----- Input records
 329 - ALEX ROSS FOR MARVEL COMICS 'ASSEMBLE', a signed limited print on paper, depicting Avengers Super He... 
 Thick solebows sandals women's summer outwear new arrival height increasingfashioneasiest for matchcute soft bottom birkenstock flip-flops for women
----------
----- Input records
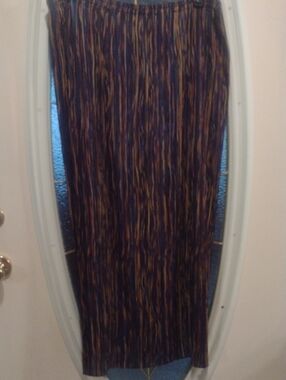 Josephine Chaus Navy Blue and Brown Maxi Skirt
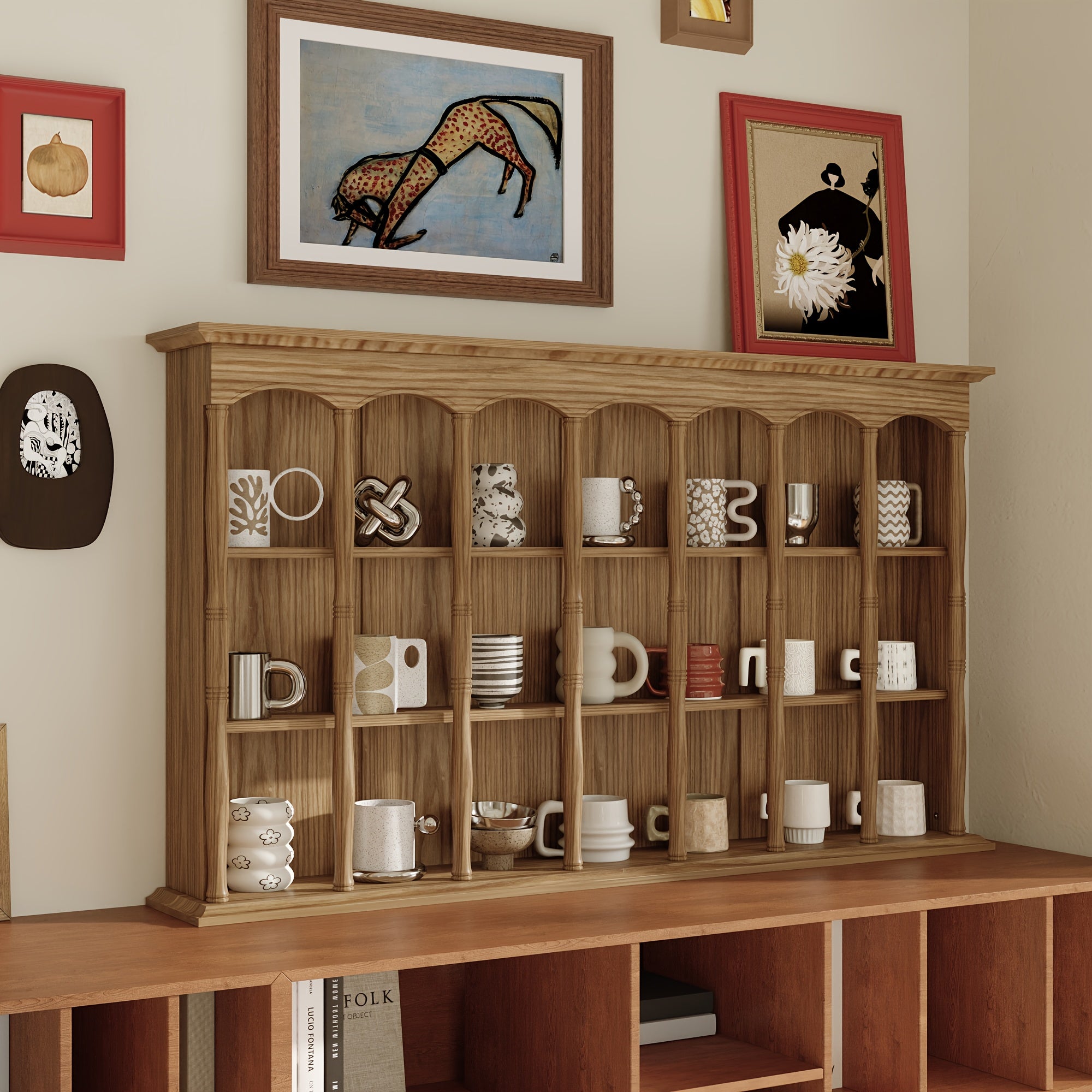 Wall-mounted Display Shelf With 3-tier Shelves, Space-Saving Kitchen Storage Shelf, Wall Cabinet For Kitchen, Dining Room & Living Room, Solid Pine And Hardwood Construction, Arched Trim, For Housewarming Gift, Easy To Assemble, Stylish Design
----------
----- Input records
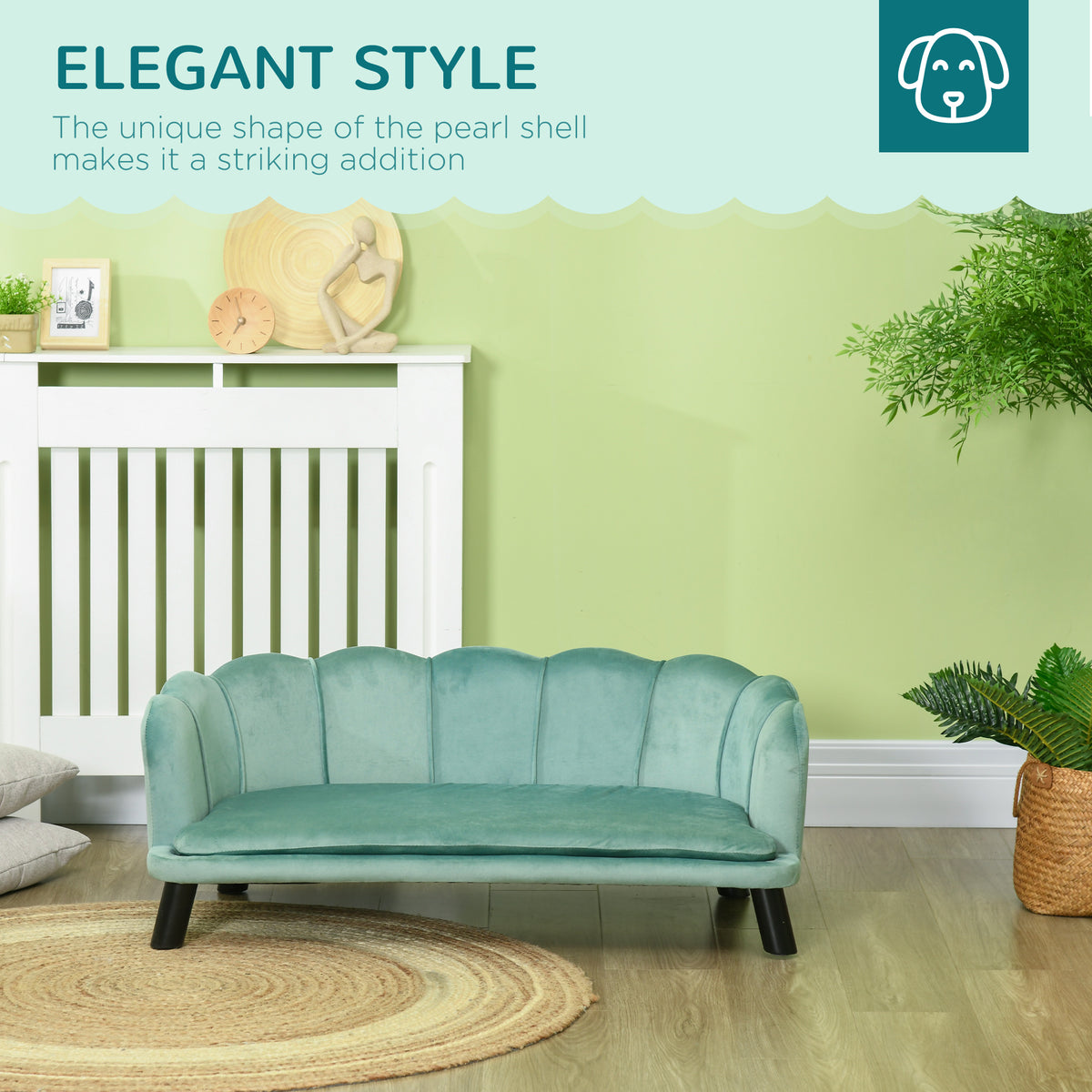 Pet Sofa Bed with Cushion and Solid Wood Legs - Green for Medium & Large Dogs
----------
● Exercise: From the records above, transcribe only the stretch from the line with "Josephine Chaus Navy" through the line with "Wall-mounted Display Shelf", keeping both ends. Omit pictures.

● Response to the task:
 Josephine Chaus Navy Blue and Brown Maxi Skirt
 Wall-mounted Display Shelf With 3-tier Shelves, Space-Saving Kitchen Storage Shelf, Wall Cabinet For Kitchen, Dining Room & Living Room, Solid Pine And Hardwood Construction, Arched Trim, For Housewarming Gift, Easy To Assemble, Stylish Design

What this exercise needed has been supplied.